By Julie Knudson
As anti-money laundering and Bank Secrecy Act regulatory requirements continue to evolve, community banks are bumping up against the compliance challenges associated with them. Navigating these issues has smaller organizations rethinking everything from staffing to technology as they work to manage their risks and obligations.
Wanted: expertise, new workflows
For community banks seeking someone to lead their AML/BSA programs, the available talent pool of qualified compliance officers often isn’t as deep as they’d like. Larger institutions have staffed up their own financial crimes units, leaving fewer candidates in the marketplace. “Ensuring you have the right talent, with an ability to lead a program and to communicate up, down and across the organization, is a priority,” says ABA SVP Ryan Rasske, CAFP. Finding candidates with the experience and qualifications to lead compliance programs—such as those who hold ABA’s Certified AML and Fraud Professional designation—is proving to be a difficult prospect for smaller institutions.

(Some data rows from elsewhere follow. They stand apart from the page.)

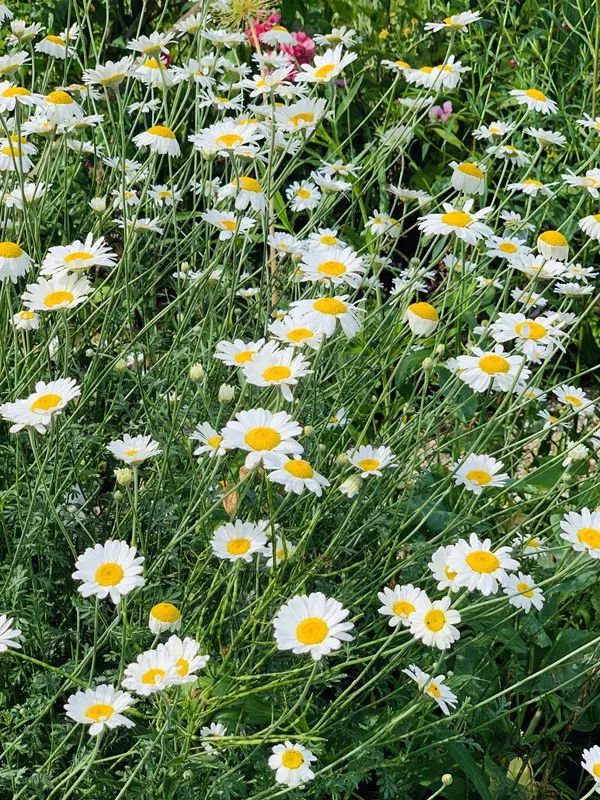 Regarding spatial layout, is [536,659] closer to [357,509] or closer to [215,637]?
[357,509]

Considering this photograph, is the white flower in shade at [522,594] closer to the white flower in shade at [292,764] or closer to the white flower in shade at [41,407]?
the white flower in shade at [292,764]

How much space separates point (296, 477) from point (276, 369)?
163 millimetres

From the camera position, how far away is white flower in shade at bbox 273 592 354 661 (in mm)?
1336

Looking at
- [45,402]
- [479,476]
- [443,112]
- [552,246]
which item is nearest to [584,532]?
[479,476]

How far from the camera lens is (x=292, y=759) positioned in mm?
1423

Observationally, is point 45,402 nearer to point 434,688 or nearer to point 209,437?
point 209,437

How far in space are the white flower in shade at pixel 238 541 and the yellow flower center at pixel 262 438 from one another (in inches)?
7.1

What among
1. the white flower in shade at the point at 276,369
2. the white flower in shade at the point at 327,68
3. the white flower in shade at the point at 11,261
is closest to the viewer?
the white flower in shade at the point at 276,369

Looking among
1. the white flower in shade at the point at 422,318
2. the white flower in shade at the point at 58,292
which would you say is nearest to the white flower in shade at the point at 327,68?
the white flower in shade at the point at 422,318

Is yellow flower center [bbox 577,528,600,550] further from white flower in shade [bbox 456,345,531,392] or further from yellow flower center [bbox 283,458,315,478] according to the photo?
yellow flower center [bbox 283,458,315,478]

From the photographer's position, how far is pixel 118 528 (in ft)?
5.67

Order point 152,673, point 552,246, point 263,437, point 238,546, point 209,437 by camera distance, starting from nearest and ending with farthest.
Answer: point 152,673
point 263,437
point 238,546
point 209,437
point 552,246

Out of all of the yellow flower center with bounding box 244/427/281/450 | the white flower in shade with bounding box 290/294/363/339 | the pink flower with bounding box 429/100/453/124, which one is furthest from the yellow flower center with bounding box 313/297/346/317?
the pink flower with bounding box 429/100/453/124

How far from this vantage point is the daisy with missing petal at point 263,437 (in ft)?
4.67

One of the biggest hurdles that Thomas W. Williams, CRCM—SVP and senior compliance manager at United Bank in Zebulon, Ga.—sees is the continued use of manual practices in compliance programs. “The banks that are on automation are seeing fewer errors and those that are still doing it manually will be subjected to more scrutiny with regulators,” he says.

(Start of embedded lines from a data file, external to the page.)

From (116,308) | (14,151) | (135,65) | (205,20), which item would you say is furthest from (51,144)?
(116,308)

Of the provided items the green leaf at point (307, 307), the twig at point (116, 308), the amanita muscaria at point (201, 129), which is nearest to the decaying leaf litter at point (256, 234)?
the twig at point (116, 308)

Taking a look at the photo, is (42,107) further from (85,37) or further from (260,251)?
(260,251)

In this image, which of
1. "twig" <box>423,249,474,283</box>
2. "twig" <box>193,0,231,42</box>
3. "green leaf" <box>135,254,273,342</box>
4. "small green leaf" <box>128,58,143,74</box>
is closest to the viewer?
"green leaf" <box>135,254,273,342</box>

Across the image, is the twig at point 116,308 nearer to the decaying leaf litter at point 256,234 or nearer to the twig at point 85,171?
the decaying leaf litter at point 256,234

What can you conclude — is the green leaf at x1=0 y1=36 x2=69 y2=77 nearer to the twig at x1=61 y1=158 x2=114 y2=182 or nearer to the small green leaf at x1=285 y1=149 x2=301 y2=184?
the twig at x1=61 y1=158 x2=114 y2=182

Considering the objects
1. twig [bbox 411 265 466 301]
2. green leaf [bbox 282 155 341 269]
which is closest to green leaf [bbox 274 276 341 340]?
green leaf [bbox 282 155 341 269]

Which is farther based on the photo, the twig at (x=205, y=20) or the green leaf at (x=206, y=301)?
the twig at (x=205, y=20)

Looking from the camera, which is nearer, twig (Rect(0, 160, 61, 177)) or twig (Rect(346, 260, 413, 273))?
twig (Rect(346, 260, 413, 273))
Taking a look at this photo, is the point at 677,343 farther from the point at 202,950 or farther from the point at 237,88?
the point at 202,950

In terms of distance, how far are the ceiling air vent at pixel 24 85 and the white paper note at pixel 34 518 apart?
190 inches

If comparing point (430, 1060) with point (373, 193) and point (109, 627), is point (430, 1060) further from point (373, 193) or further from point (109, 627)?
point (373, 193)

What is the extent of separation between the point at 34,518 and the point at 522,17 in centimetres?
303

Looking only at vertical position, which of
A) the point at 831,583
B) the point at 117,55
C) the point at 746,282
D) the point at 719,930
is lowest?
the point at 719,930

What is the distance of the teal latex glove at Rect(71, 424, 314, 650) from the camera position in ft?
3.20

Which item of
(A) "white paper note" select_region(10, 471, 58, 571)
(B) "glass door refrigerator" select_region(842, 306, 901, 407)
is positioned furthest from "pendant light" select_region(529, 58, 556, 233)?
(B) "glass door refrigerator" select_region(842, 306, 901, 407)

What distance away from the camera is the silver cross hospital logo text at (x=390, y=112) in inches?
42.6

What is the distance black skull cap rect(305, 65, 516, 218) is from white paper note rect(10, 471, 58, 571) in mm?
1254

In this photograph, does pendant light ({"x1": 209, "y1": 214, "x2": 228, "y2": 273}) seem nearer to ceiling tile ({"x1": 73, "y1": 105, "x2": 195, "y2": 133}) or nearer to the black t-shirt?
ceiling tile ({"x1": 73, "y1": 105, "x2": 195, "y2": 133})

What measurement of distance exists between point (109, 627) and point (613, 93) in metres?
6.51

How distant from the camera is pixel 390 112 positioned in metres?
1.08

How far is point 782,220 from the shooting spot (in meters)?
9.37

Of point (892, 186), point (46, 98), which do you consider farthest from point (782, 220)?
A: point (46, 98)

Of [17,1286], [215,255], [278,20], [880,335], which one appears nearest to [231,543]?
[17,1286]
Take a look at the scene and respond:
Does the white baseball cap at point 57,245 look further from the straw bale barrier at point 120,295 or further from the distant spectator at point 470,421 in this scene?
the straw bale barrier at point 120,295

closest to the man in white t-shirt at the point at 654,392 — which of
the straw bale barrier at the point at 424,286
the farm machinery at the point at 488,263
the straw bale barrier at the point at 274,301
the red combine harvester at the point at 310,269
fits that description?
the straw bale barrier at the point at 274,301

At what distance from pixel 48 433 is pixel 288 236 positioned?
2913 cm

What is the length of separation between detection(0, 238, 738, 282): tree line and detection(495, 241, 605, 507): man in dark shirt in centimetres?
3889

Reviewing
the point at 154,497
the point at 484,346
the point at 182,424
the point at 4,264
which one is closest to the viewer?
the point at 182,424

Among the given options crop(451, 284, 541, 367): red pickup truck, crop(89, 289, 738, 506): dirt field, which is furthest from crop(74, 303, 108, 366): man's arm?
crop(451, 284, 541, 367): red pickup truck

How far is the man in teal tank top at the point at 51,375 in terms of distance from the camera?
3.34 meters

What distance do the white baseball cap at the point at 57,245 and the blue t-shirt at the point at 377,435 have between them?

The decision to maintain these conventional methods of doing business is sometimes tied to a bank’s desire to keep doing what they’ve always done, but more often it’s driven by concerns about cost, efficiency and need. “What is automation going to create for me as a bank?” Williams asks. Institutions still leveraging manual methods may not see enough benefit behind automated alerts and large-scale data analysis to outweigh the need to hire additional staff or spend money on a new system.
Ensuring that the data used for AML/BSA compliance is accurate and complete may also be a challenge for community banks. Model validation continues to create issues. “It’s about tuning the systems and getting all the rules, parameters and thresholds right,” says Alan Abel, risk consulting managing director at Crowe Horwath in Chicago. (ABA endorses Crowe Horwath for risk management and compliance consulting services.) Identifying the rules that will generate effective alerts can be a difficult prospect. “How do you know your rules cover all the things you should be paying attention to?” Abel asks. Too many false positives—or too many alerts that don’t lead to productive investigations—not only defeat the purpose of AML/BSA regulations, but may also prompt auditors to question why potentially suspicious activity wasn’t properly flagged or investigated.

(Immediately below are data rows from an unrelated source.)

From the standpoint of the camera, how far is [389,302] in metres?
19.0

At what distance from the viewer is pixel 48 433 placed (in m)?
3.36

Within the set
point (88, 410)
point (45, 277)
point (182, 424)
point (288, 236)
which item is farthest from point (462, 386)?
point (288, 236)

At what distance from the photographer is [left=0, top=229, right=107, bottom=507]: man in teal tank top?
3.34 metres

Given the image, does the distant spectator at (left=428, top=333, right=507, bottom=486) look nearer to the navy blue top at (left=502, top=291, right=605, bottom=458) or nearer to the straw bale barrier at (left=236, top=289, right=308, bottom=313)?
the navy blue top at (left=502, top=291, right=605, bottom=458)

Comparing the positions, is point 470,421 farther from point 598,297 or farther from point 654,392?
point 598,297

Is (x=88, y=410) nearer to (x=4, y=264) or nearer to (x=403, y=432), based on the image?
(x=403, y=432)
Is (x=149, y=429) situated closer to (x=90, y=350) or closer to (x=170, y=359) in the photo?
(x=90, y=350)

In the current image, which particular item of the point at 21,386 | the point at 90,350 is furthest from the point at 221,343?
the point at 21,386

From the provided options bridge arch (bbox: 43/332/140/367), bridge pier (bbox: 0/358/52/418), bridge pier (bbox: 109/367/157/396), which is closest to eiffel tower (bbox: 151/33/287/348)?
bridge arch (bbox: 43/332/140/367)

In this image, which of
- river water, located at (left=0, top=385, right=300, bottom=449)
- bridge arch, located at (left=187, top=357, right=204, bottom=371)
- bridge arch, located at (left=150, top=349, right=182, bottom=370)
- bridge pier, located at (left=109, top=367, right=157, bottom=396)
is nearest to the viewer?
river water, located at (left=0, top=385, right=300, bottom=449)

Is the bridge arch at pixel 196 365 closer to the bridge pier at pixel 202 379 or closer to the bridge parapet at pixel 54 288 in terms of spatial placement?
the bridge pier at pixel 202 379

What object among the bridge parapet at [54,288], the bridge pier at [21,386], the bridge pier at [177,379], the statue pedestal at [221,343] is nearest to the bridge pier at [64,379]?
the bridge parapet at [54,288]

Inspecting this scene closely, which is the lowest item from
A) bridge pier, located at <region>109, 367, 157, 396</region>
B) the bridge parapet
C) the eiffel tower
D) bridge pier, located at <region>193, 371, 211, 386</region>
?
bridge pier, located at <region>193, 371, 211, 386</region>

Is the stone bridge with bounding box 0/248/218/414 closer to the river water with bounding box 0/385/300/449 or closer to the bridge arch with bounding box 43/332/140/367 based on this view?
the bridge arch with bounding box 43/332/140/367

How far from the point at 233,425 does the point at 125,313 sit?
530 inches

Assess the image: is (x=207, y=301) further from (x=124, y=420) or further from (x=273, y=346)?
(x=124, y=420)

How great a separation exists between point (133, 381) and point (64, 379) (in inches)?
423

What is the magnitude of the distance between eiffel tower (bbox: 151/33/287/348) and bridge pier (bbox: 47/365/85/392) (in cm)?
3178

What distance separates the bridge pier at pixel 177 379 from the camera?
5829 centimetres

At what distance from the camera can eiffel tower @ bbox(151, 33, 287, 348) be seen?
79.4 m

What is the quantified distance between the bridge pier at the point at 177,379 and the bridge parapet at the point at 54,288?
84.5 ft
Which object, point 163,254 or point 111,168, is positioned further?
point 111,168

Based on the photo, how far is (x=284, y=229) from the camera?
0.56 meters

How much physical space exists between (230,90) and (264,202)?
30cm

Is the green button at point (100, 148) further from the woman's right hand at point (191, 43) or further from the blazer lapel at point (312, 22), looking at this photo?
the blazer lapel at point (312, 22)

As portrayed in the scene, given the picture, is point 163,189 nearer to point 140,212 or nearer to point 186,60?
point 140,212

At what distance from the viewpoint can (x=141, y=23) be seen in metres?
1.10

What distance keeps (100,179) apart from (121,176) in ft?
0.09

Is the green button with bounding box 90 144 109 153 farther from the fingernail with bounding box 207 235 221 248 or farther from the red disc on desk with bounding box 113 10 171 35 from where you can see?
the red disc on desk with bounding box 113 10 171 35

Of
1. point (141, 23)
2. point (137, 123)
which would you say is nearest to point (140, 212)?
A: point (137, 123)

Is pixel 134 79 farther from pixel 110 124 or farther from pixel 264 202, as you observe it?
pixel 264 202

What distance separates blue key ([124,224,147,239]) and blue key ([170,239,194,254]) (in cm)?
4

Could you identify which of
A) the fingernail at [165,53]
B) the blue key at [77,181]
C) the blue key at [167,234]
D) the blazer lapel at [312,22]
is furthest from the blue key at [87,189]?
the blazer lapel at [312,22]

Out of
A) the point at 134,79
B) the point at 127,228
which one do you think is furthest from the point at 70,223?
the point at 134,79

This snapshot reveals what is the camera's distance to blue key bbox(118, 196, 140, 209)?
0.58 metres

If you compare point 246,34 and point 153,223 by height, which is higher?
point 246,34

Roadblocks are also popping up around upcoming regulatory changes, such as those related to the final rule on beneficial ownership, scheduled to go into effect in May 2018. “One of the main concerns we hear is that current systems may not comply with the new rule,” says Catherine Lew, EVP at Los Angeles, California-based GlobalVision Systems. (ABA endorses GlobalVision for its Patriot Officer AML/BSA software.) The architecture of some of today’s AML/BSA systems might not fully support the more complex relationships that will soon come under greater scrutiny. These platforms “cannot detect the suspicious activities of a group of companies which have a common beneficial owner,” Lew says. Vendors are working to update their systems and, while the effective date is still a year away, some bank compliance officers are worried they may not be ready to go in time.
Solution: holistic viewpoints
Navigating the hurdles of AML/BSA compliance has been tricky for some institutions, but staffing is one area where community banks are addressing a number of issues. “It’s looking at risk over the organization and then making sure you have right people in place,” Williams says. The right approach to staffing takes monitoring demands and risk levels into account, because merely putting employees in place isn’t as effective as training them to do the job. “We’re investing more resources in training to develop our folks because regulations are changing and we have to stay current with those changes,” Williams says.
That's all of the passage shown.